BABAM DA YAPIMCIYDI, BANA “O NE DEMEK?” DİYE SORARLARDI
* Peki yeni projeler neler? Sadece bu sene beş televizyon projesinin yapımcısı olduğunuzu biliyorum...
- Evet projeler çok (gülüyor). Yedi-sekiz yıldır üzerinde çalıştığımız “Roadies” başladı. Yeni bir filme de başladım, adı “God Particle”... Burada yani Los Angeles’ta çekiyoruz. Yönetmen Julius Onah ve bu onun ilk stüdyo filmi.
* Bu kadar büyük projelerin yapımcısısınız, hepsinin çekimlerinde birebir bulunabiliyor musunuz?
- Benim babam da yapımcıydı, büyürken okulda arkadaşlarım hep sorardı yapımcı ne demek diye. Yapımcılık öyle bir iş ki milyonlarca farklı anlam taşıyabilir. Milyonlarca farklı şekilde yapabilirsiniz. Bir şeyi yaratmak için para ödüyorsunuz, haklarını satın alıyorsunuz, sonra ne oluyor? Ben bazı projelerde her an sette oluyorum, her sahne çekilirken yönetmen ve senarist ile omuz omuza çalışıyorum. Bazı projelerde sadece doğru kişileri bir araya getiriyorum. Yani projeye ve gereksinimlere göre karar veriyorum. Büyük soruya sıkıcı bir cevap belki ama öncelikle projelerde herkes için en iyi kullanım alanını kavramaya çalışıyorum.
* Set ekiplerine de çok önem verdiğinizi biliyorum...

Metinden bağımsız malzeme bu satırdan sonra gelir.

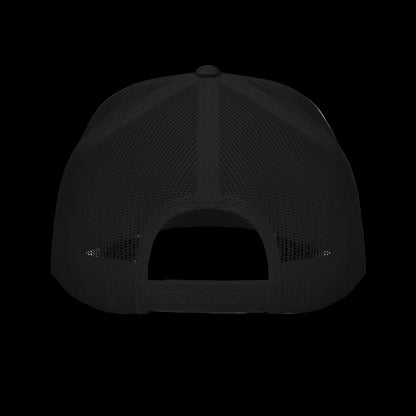 Skinny Vintage Logo Trucker Cap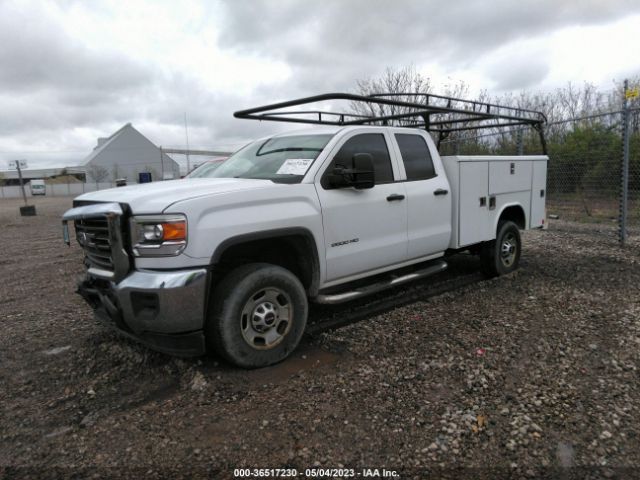 1GD22XEG7FZ137860 GMC SIERRA 2500HD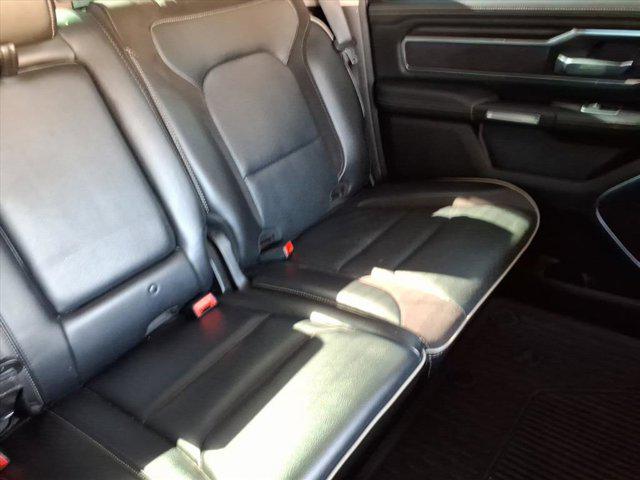 2022 Ram 1500 Laramie Crew Cab 4x2 6'4" Box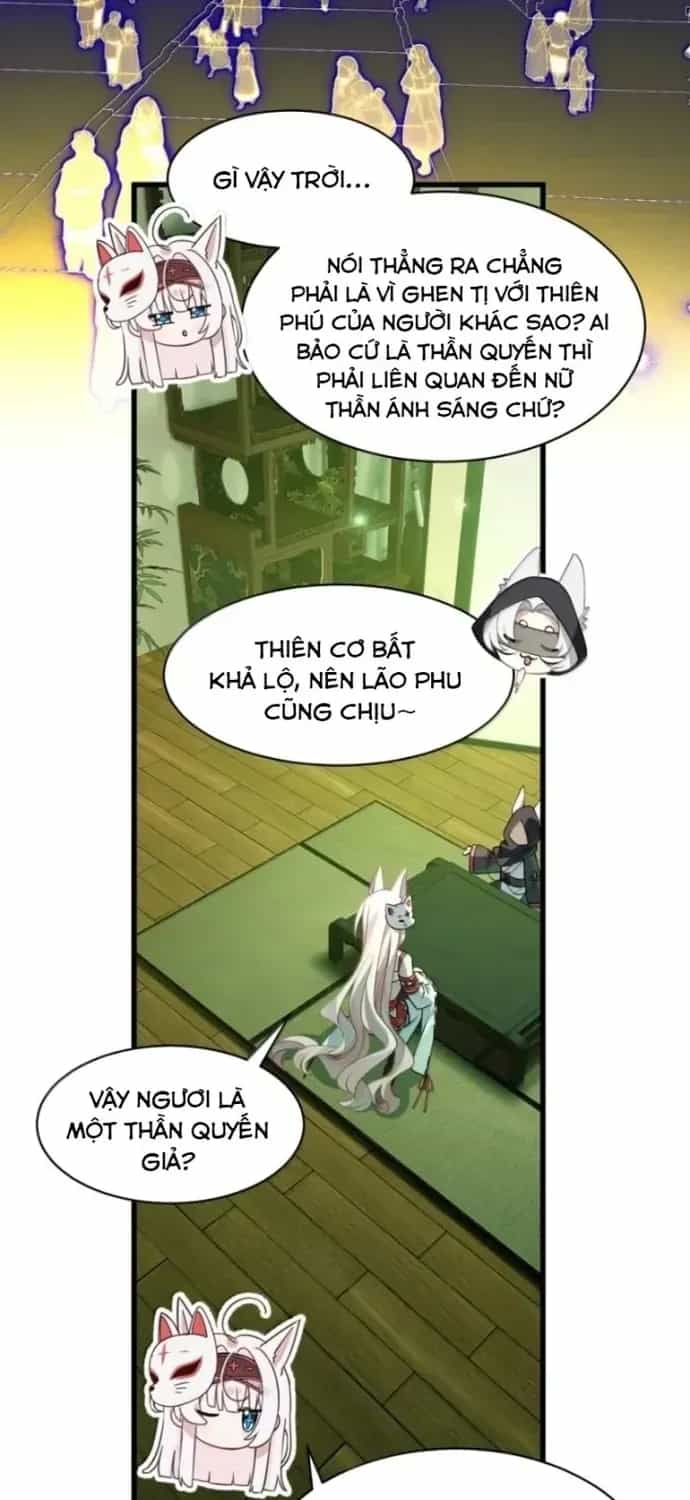 Xuyên Không Mãn Cấp Như Tôi Tại Sao Lại Là Quý Cô Mục Sư Chứ - Chương 75 - ảnh 71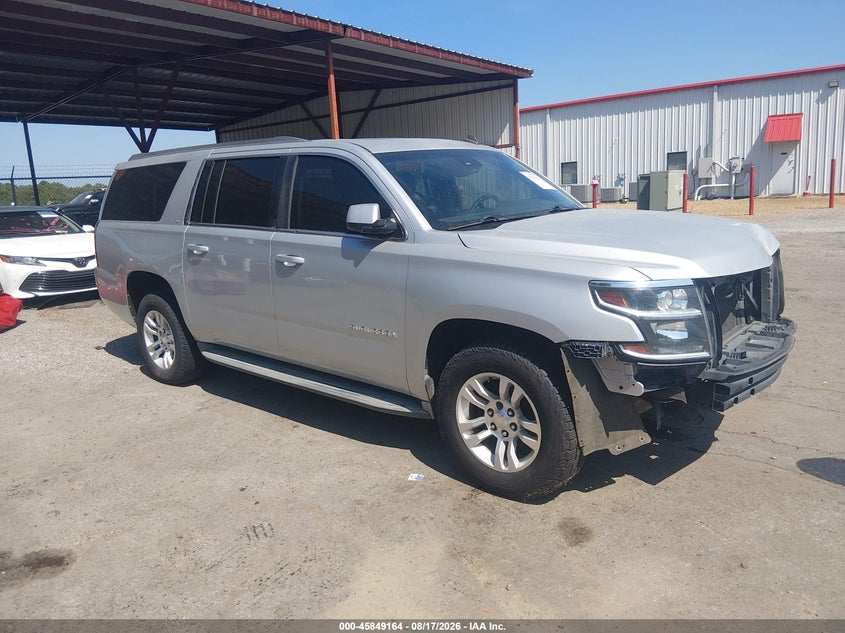 2015 Chevrolet Suburban 1500 Lt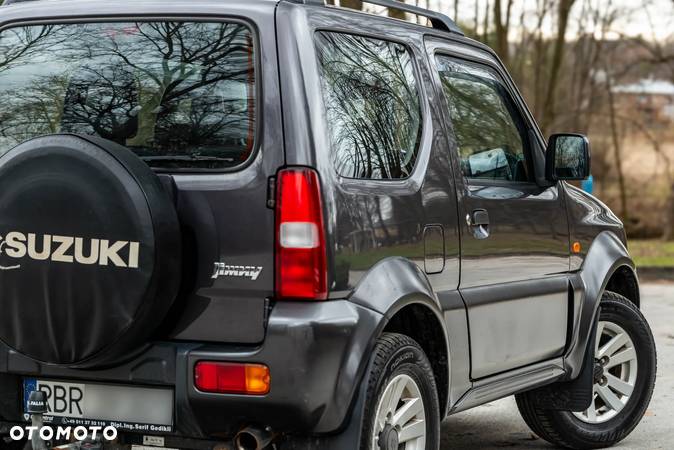 Suzuki Jimny - 14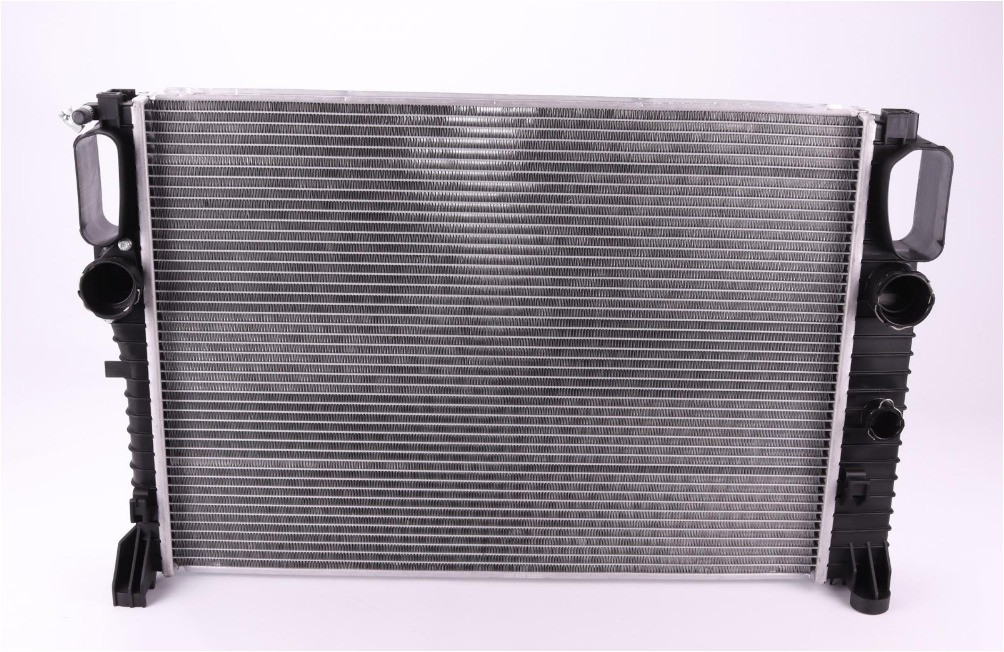 Радіатор охолодження Mercedes Benz E-class S211 W211 1.8-5.0 02-10 53422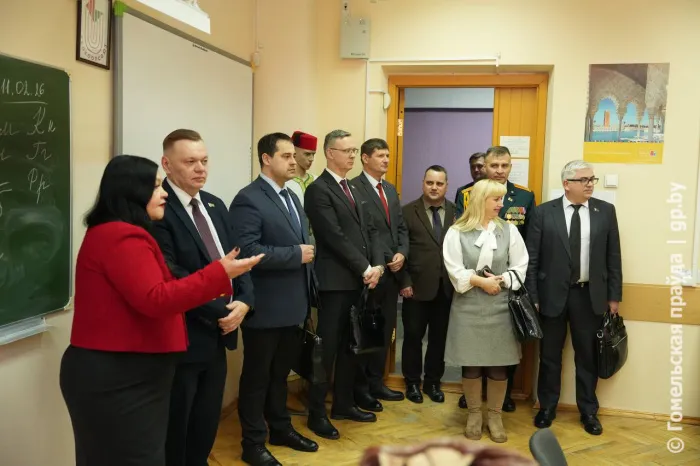 Традиции и инновации: в Гомеле прошел Совет ректоров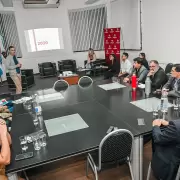 Presentaron fase final del Plan de Desarrollo Tur�stico Sustentable de San Salvador de Jujuy 2030
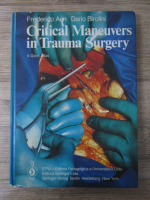 Critical maneuvers in trauma surgery. A color atlas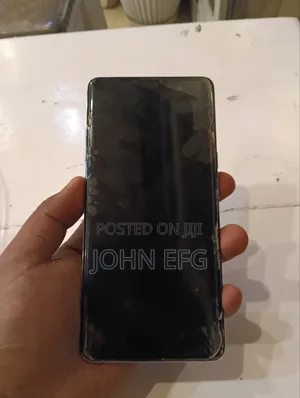 Samsung Galaxy S10 5G 512 GB Black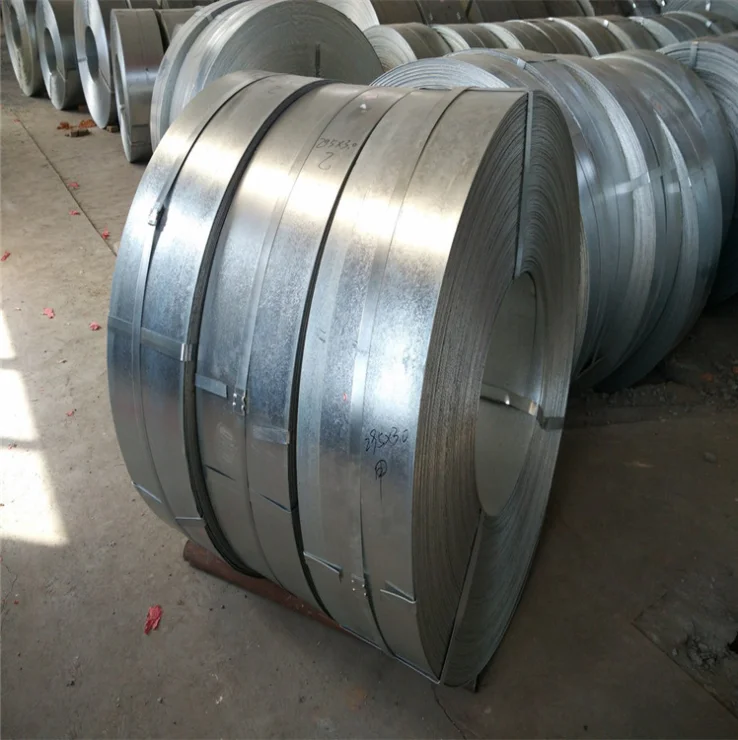 dx51d z275 24 gauge 1.5mm thick zinc coated gi metal sheet hot dipped galvanized steel slit coil price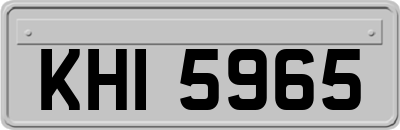 KHI5965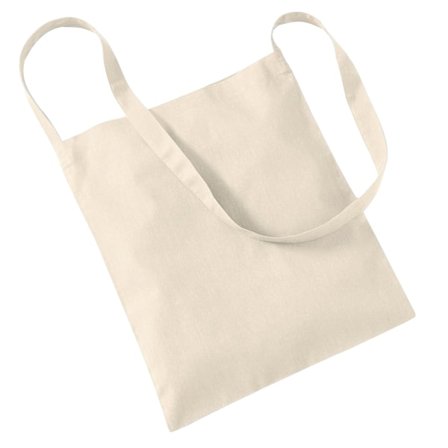 Westford Mill Sling Tote Bag - 8 liter (2-pack) En storlek Na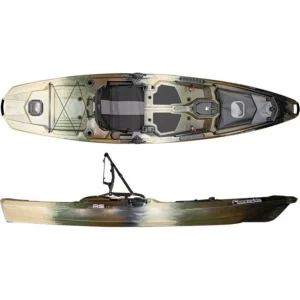 Bonafide RS117 Fishing Kayak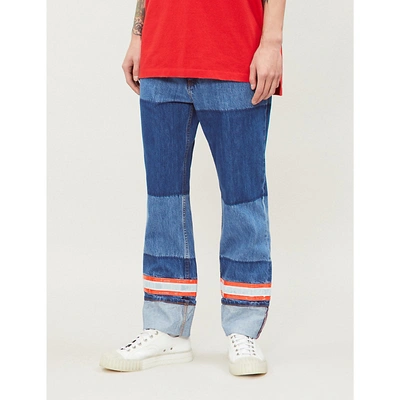 Calvin Klein 205W39NYC REFLECTIVE JEANS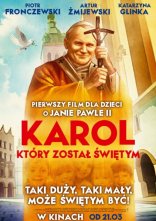 постер Кароль, який став святим онлайн в HD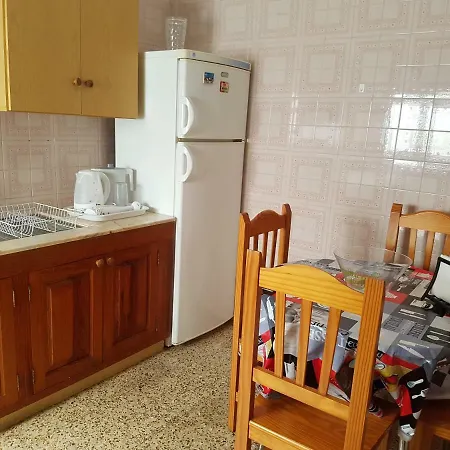 Atico Con Vistas Al Mar, *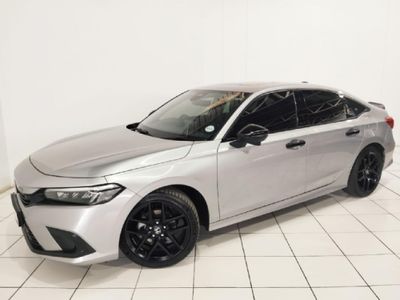 2025 Honda Civic 1.5T RS Auto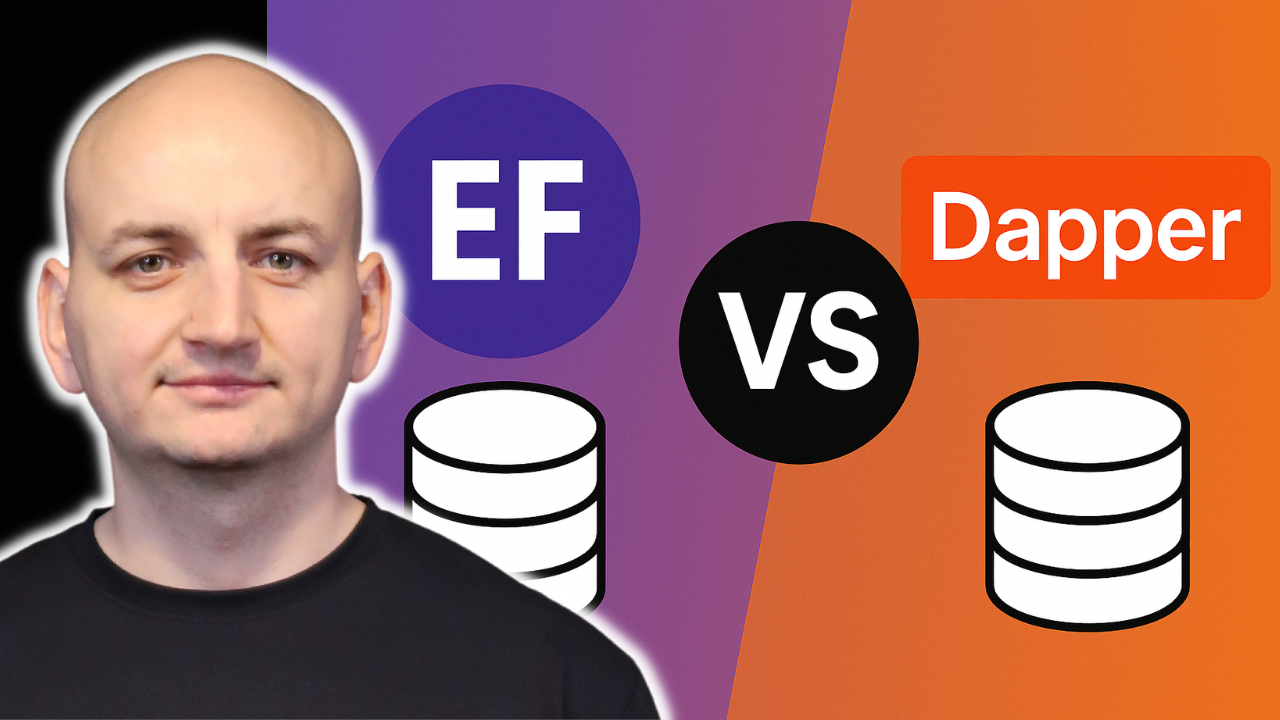 Entity Framework Core vs Dapper - Który Wybrać i Kiedy?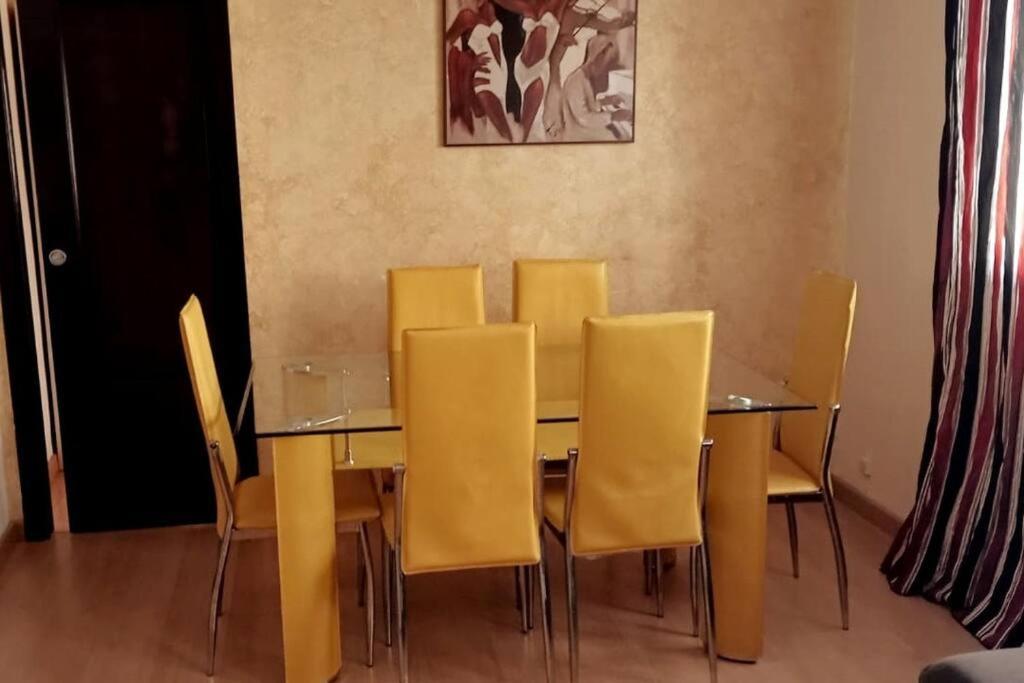 Alojamiento Esencia I Jaén Екстериор снимка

- Kesinlikle... Benim için tüm projelerin kahramanları, set ekipleri. Ruhlarını ve kalplerini bu işe nasıl verdiklerini yıllardır takip ediyorum. Hiç unutamadığım bir anım var. “Görevimiz Tehlike 3”te çalışıyorduk. Sabit kamera operatörümüz yaklaşık 40 kilo kamera ile çalışıyordu ama öyle rahat hareket ediyordu ki sanki adam 40 kilo taşımıyor. Sonunda sahnenin çekimi bitti, kameraman kameranın odaklanmasını takip eden arkadaşını kutladı. Evet öbür adam harika iş çıkardı ama 40 kilo kamerayı taşıyıp çekim yapan kendisiydi. İşte bu ortak takdir anlayışı ve saygı, tüm ekibin bir bütün olarak çalışması benim projelerimde en kıymet verdiğim olay...
KENDİ ARABAMDA İSTEDİĞİM MÜZİĞİ DİNLEYEMİYORUM
Sizin ailede herkes yetenekli. Kızınız da müzisyen, aynı zamanda söz yazarı. Sizin müzikle aranız nasıl?
- Benim diğer tutkum müzik... Üç çocuk babasıyım ve bazen hepimiz aynı arabada olabiliyoruz. Çocuklar hemen “Baba bu ne, ne dinliyorsun?” diye gülüp kendi müziklerini açıyorlar. Benim dinlediğimden çok farklı şeyler dinliyorlar. Komik olan, sanki kendi arabamda istediğim müziği dinlemeye hakkım yokmuş gibi davranmaları (gülüyor).